Nevertheless, in what could be a sign of things to come, U.S. District Judge Robert Miller Jr. wrote that he found the party’s lack of cooperation “troubling” and encouraged the litigant to “rethink its refusal,” warning: “An unexplained lack of cooperation in discovery can lead a court to question why the uncooperative party is hiding something, and such questions can affect the exercise of discretion.”

Just how prevalent is the use of predictive coding? In the Fulbright & Jaworski (now Norton Rose Fulbright) 2013 Annual Litigation Trends Report, 40 percent of corporate respondents in the United States and 23 percent in the United Kingdom indicated they used the technologies. In addition, 21 percent of those surveyed said they used it in 100 percent of their matters.

Many legal observers believe those use rates are probably higher than actual rates in all cases, noting that the report’s definition of TAR included not only predictive coding but also “other data analytics.”

In addition, a survey conducted by Kate Holmes and Mike Kinnaman of the FTI Technology unit of FTI Consulting Inc. and attorney Ari Kaplan, 7 percent of respondents had implemented predictive coding three years ago, 27 percent planned to implement it during 2014, but only 10 percent had plans for 2015. “Analytics and predictive coding may be hitting a tipping point,” the study said.

On the other hand, some industry observers believe predictive-coding use may be underreported, noting the difficulties in gauging actual use.

“Given where we are with pricing models and the variety of uses, trying to determine percentages where predictive coding is used or not used is really an exercise in Old World thinking,” said Drew Lewis, electronic-discovery counsel at Recommind Inc., noting his company no longer charges extra for predictive coding. “It’s now simply part of every e-discovery workflow,” he said.

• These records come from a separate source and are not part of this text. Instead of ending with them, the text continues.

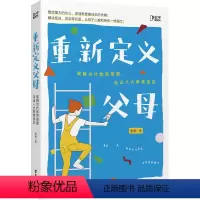 [正版]博集天卷重新定义父母 副教授级养育专家默薇著 孩子心理养育指南 科学养育 培养孩子自尊自信 大众 家庭教育 热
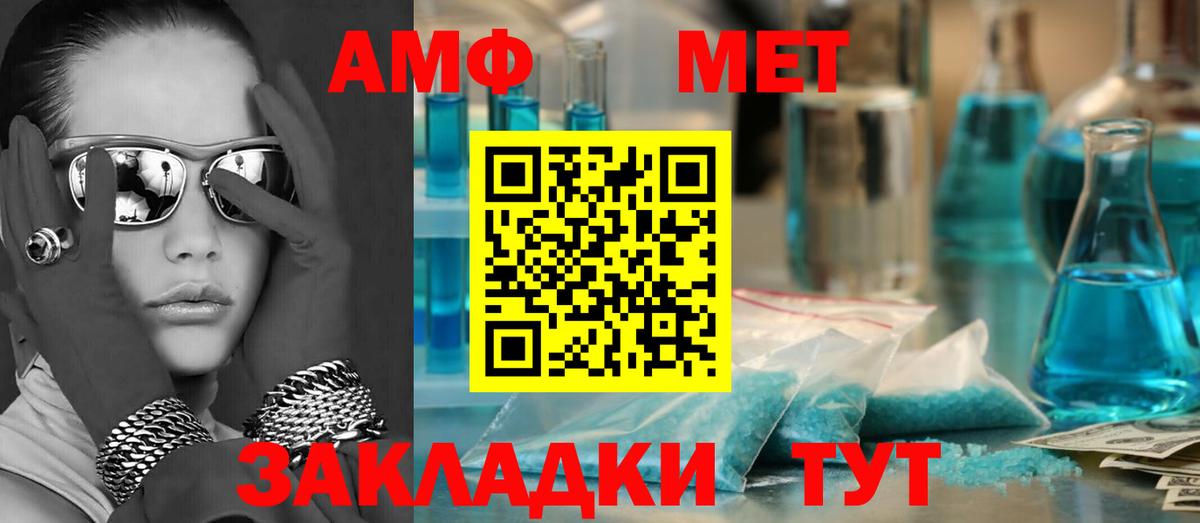 АМФ Premium Городец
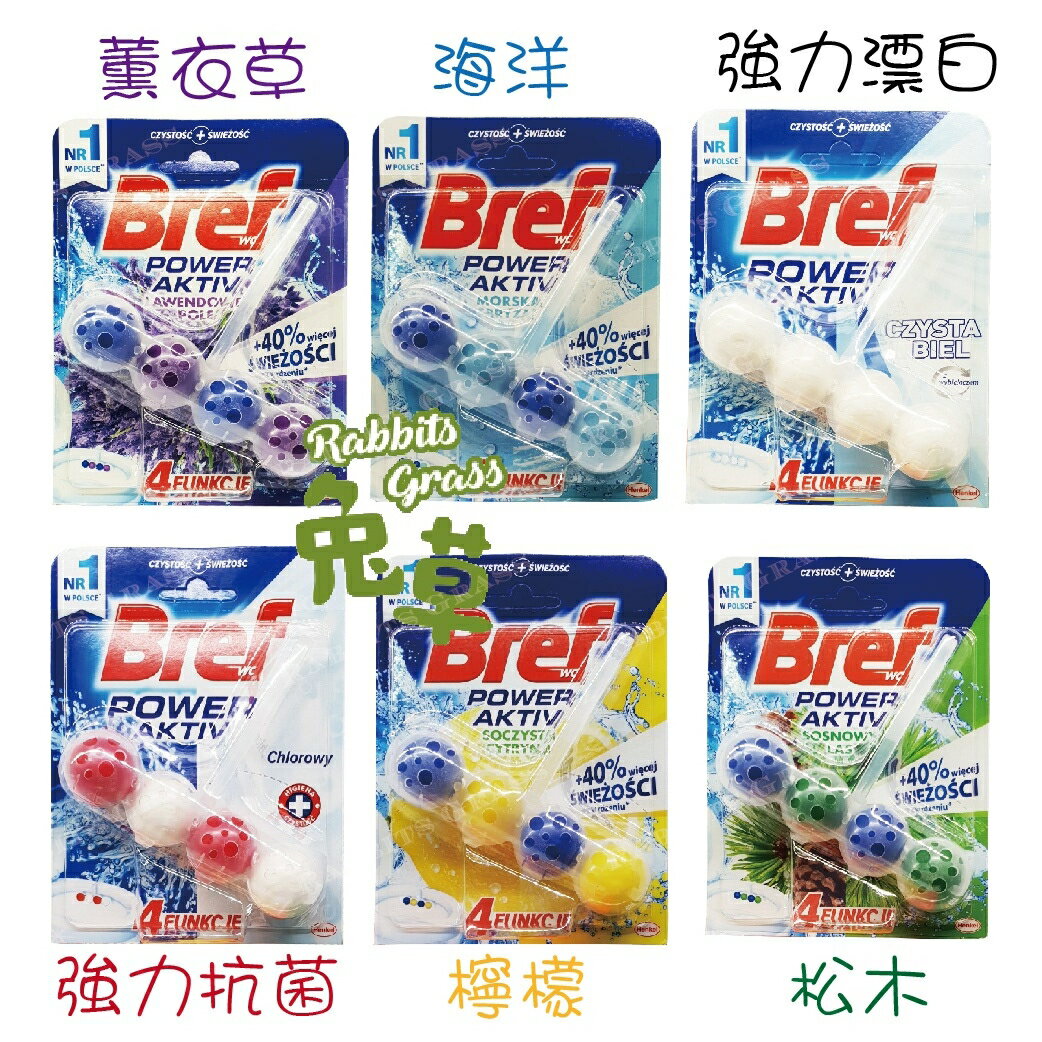 德國 Bref 馬桶清潔球 原裝進口 馬桶強力清潔芳香劑 50g 清潔球 潔廁球 芳香球 Persil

Michele Lange and Kaitlin Shinkle of Kroll Ontrack Inc. agree with Lewis’ assessment, but they nevertheless estimate their clients’ use at about 25 percent. Kroll and other vendors, including Recommind and Symantec Corp., now offer TAR as an integrated part of their electronic-discovery platforms at no additional charge, which further complicates definitive demarcations.

The law of predictive coding is far from settled and its practice is still evolving, with new debates over review protocols developing during the past few weeks. Overall use may still be limited, and Peck did note in Da Silva Moore that his opinion didn’t mean TAR should be mandatory in all cases. However, predictive-coding jurisprudence has advanced already. “If a responding party wants to use TAR today — even over objection — courts should and will allow it,” Peck said.

In fact, he said, courts may take things a step further. “It’s dangerous to predict where case law will go in future years, but I think we’ll get to a point where if the requesting party wants to force the responding party to use TAR, the court may well order it — or at least use cost recovery as a way to force it.” Peck said. “In the future, judges may say, ‘If you don’t use computer-assisted review, don’t come to me for costs. You should take a very hard look at what you spend and what costs could be avoided.”